Si les nouvelles institutions de crédit coopératif ne sont pas arrêtées par le besoin de fonds, c’est donc que les emprunteurs ne se pressent pas de profiter des conditions favorables qui leur sont offertes, puisque les opérations effectuées demeurent, ou doit l’avouer, fort restreintes jusqu’à ce jour. On est donc tenté de conclure que le crédit mutuel n’a guère sa raison d’être dans un pays où, faute de clientèle, il est réduit à végéter. Ce serait une erreur ; la pénurie d’affaires, le chiffre modeste de celles qui sont traitées, s’expliquent par le milieu économique dans lequel a surgi le crédit populaire en France.

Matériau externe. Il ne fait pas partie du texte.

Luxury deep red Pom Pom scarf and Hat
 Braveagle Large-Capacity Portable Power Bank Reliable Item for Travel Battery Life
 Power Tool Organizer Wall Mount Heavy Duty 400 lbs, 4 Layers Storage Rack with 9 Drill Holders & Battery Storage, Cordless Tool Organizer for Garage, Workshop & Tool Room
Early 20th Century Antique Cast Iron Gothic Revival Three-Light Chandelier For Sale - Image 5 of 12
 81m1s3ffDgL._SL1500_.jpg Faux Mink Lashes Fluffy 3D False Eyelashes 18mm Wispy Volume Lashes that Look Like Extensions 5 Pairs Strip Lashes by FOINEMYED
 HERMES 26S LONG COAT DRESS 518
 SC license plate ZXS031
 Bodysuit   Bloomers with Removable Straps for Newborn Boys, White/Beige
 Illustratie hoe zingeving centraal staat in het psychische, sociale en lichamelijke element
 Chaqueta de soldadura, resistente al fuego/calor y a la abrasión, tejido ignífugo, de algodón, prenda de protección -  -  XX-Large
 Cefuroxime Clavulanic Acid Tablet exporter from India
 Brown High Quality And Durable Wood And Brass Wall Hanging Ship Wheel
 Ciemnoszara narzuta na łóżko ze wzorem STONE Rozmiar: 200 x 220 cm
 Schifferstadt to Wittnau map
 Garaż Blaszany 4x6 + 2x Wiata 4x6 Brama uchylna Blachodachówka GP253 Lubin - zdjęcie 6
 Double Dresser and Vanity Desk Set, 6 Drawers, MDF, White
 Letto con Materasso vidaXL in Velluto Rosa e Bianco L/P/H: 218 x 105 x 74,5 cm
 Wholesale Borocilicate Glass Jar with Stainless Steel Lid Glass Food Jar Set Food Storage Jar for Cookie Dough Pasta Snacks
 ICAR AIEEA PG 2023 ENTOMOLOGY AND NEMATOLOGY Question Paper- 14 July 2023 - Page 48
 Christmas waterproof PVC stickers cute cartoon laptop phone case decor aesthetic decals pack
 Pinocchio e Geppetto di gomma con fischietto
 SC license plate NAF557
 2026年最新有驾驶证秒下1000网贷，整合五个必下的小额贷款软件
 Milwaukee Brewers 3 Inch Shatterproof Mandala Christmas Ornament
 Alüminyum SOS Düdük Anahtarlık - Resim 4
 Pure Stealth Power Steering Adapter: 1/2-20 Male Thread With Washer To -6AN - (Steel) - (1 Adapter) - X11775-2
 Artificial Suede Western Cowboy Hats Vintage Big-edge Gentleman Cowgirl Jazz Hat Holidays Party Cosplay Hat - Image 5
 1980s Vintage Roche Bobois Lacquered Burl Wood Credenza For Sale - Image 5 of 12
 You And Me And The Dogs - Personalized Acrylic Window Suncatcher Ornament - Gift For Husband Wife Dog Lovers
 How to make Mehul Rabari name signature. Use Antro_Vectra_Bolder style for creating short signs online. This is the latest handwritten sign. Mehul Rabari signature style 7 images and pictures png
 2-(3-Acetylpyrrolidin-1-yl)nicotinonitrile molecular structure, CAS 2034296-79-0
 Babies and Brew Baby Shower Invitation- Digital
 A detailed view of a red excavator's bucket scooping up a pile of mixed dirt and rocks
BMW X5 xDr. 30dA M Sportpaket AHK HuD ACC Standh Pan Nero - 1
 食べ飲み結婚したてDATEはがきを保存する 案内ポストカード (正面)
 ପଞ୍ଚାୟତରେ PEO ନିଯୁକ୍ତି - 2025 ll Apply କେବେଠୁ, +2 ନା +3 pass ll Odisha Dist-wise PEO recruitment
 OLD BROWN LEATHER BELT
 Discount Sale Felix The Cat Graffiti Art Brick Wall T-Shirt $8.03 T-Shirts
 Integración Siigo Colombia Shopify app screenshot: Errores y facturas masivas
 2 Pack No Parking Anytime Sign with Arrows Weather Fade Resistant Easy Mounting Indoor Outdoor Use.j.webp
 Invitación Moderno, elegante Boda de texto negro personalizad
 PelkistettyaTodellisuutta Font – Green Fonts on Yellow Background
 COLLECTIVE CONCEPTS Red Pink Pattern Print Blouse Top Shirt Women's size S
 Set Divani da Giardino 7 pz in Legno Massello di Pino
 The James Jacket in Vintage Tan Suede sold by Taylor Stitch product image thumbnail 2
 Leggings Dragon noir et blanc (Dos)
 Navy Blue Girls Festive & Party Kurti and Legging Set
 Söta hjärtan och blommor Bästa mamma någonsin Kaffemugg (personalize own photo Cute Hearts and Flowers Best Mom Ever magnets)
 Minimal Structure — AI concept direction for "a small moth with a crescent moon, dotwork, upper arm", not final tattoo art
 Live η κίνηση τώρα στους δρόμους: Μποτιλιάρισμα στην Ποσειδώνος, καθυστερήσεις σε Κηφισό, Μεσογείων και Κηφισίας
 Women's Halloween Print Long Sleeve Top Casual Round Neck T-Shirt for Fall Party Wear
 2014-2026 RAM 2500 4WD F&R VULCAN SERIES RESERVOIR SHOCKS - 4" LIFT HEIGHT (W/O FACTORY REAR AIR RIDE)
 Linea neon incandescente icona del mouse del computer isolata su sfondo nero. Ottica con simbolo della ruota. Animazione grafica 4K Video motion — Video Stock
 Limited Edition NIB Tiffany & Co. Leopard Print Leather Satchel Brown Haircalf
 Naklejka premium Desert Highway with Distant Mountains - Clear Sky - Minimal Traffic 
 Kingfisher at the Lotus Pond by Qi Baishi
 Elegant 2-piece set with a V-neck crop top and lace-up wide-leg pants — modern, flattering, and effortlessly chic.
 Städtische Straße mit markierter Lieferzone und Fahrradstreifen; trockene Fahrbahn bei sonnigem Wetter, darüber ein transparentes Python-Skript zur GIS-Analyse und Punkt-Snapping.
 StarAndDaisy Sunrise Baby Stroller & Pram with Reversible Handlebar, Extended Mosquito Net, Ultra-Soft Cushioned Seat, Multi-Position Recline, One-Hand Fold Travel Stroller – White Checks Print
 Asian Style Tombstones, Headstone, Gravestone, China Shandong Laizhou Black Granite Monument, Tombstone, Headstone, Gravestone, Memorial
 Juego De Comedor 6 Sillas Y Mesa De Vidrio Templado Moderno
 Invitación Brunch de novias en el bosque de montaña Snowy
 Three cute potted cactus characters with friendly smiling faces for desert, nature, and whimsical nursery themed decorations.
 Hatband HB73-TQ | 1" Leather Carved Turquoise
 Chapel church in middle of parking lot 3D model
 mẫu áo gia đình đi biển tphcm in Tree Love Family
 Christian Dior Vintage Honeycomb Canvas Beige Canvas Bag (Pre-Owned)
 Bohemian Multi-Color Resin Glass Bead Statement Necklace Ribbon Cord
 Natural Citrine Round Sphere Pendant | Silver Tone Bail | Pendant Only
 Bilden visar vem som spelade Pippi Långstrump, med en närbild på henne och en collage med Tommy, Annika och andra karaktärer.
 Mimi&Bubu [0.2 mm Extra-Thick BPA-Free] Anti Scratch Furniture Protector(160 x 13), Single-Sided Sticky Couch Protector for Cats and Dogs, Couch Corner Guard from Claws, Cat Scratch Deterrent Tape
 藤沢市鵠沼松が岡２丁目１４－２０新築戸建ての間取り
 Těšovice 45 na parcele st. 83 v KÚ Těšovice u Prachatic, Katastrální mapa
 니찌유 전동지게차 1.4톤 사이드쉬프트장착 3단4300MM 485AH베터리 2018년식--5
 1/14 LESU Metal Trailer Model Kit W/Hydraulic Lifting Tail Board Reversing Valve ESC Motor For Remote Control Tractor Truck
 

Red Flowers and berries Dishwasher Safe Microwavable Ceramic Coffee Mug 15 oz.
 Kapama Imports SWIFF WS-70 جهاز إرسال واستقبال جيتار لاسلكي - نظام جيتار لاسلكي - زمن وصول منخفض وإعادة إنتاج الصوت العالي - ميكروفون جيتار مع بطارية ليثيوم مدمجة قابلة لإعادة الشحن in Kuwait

Philanthropique et, dans certains cas, religieuse par son but, cette œuvre est, par sa nature même, une entreprise financière : En finance, il n’est pas de crédit « populaire » ou impopulaire ; on ignore le crédit catholique, protestant ou juif : on ne connaît que le crédit tout court, personnel ou réel, fait aux gens ou aux choses. Les promoteurs du crédit coopératif ont dû, sous peine de compromettre leur tentative, s’inspirer dans leurs prêts des mêmes principes que les financiers ordinaires. Or, deux sortes de gens cherchent à emprunter : les uns, parce qu’ils veulent payer ou acheter, — ils ont ou font des dettes ; — les autres parce qu’ils ont produit ou vendu, — ils possèdent des créances et des marchandises. Les premiers sont intéressans, les seconds sont solvables. Ceux-ci tirent, endossent, acceptent des effets de commerce, qu’escomptent, à des taux fort modérés, les banques locales et les innombrables agences que les établissemens, dont j’ai autrefois exposé les rouages[1], — Crédit Lyonnais, Comptoir d’escompte, Société générale, etc., — multiplient à l’envi les uns des autres, pompant et distribuant, sur tout le territoire, les traites et la monnaie.

  1. Voyez, dans la Revue du 1er janvier 1895, les Etablissemens de crédit.